Makhluk Berbulu Penyebab Kontaminan


Hewan burung sudah menjadi rahasia umum bahwa sering dijadikan oleh manusia sebagai peliharaan. Pada kalangan masyarakat ada selentingan obrolan “saat pensiun, orang tua khususnya laki – laki pasti mengurus peliharaan burung, seperti dimandikan, diberi makan, hingga diajak berbicara”. Namun tidak setiap jenis burung bisa diperlakukan sedemikian rupa. Beberapa jenis diantaranya memiliki sifat mengganggu, merugikan, dan merusak karena sifat invasif mereka dalam jumlah kawanan besar, dan buang kotoran di sembarang tempat.

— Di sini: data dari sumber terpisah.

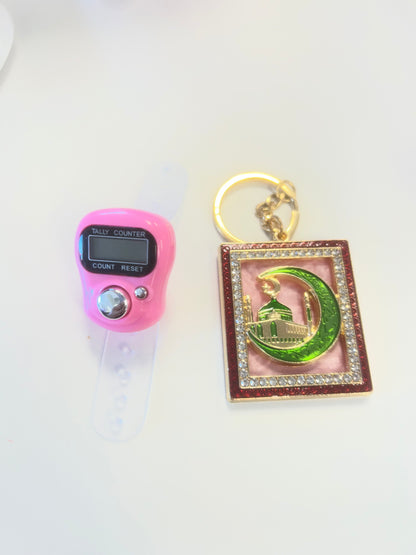 Dhikr Clicker Gift Set – Digital Tally Counter with Keychain (Light Pink)
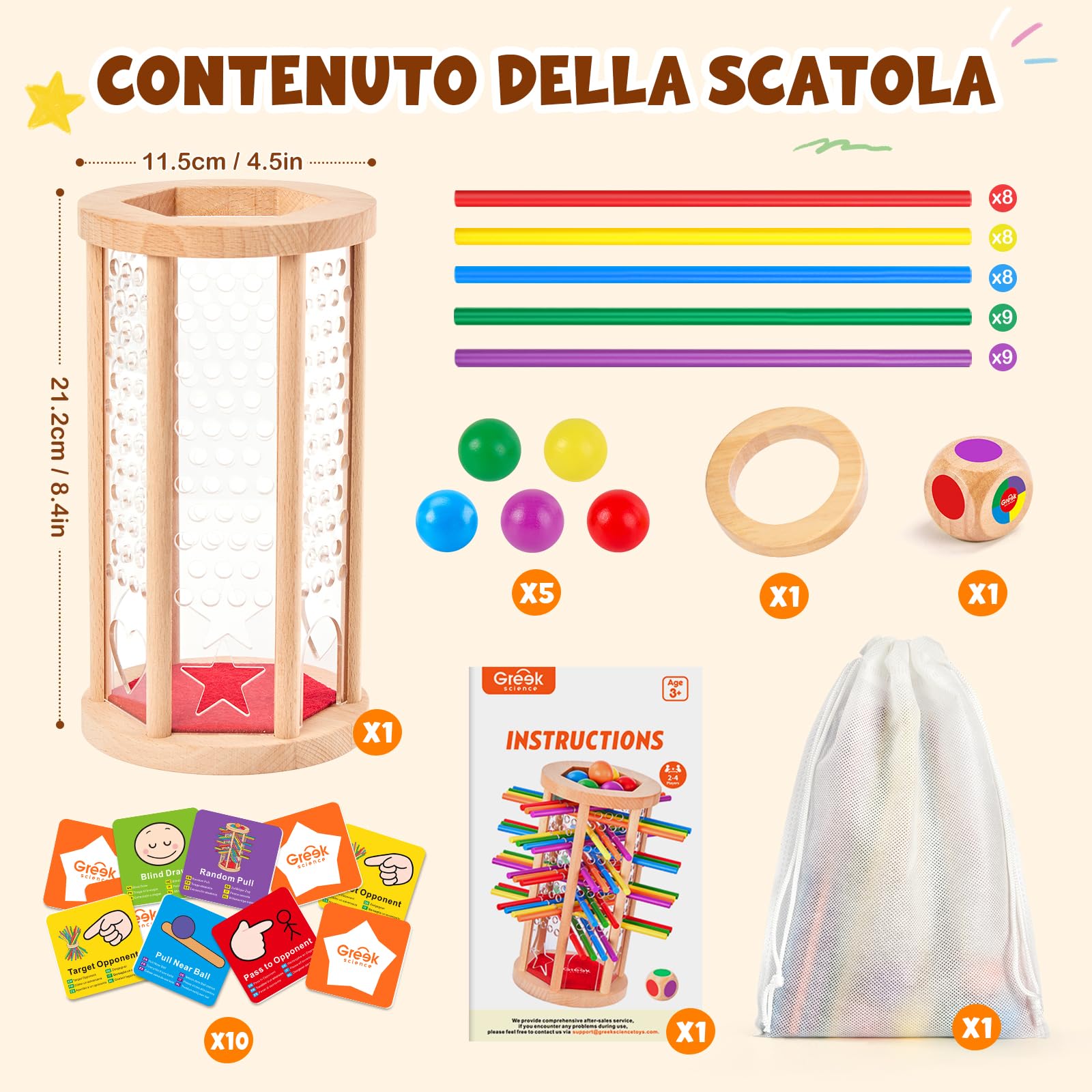 Gioco in Legno Stick Pull con Carte Sfida | Gioco strategia equilibrio legno, gioco da tavolo, gioco familiare senza schermi, gioco bambini 3-10, regalo Natale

Beberapa spesies burung di Indonesia dianggap sebagai gangguan nyata bagi bisnis. Sebagian besar hama burung masuk ke dalam bangunan melalui area loading dock, atap bangunan yang rusak dan celah antara dinding dan atap. Ketika burung masuk ke dalam bangunan dalam jumlah besar, maka menimbulkan kerugian bagi pemilik bisnis seperti:

·    Kotoran dan bulu mereka dapat menularkan lebih dari 60 penyakit dan mengganggu kualitas udara, menyebabkan masalah kesehatan dan keselamatan serius bagi karyawan dan pelanggan.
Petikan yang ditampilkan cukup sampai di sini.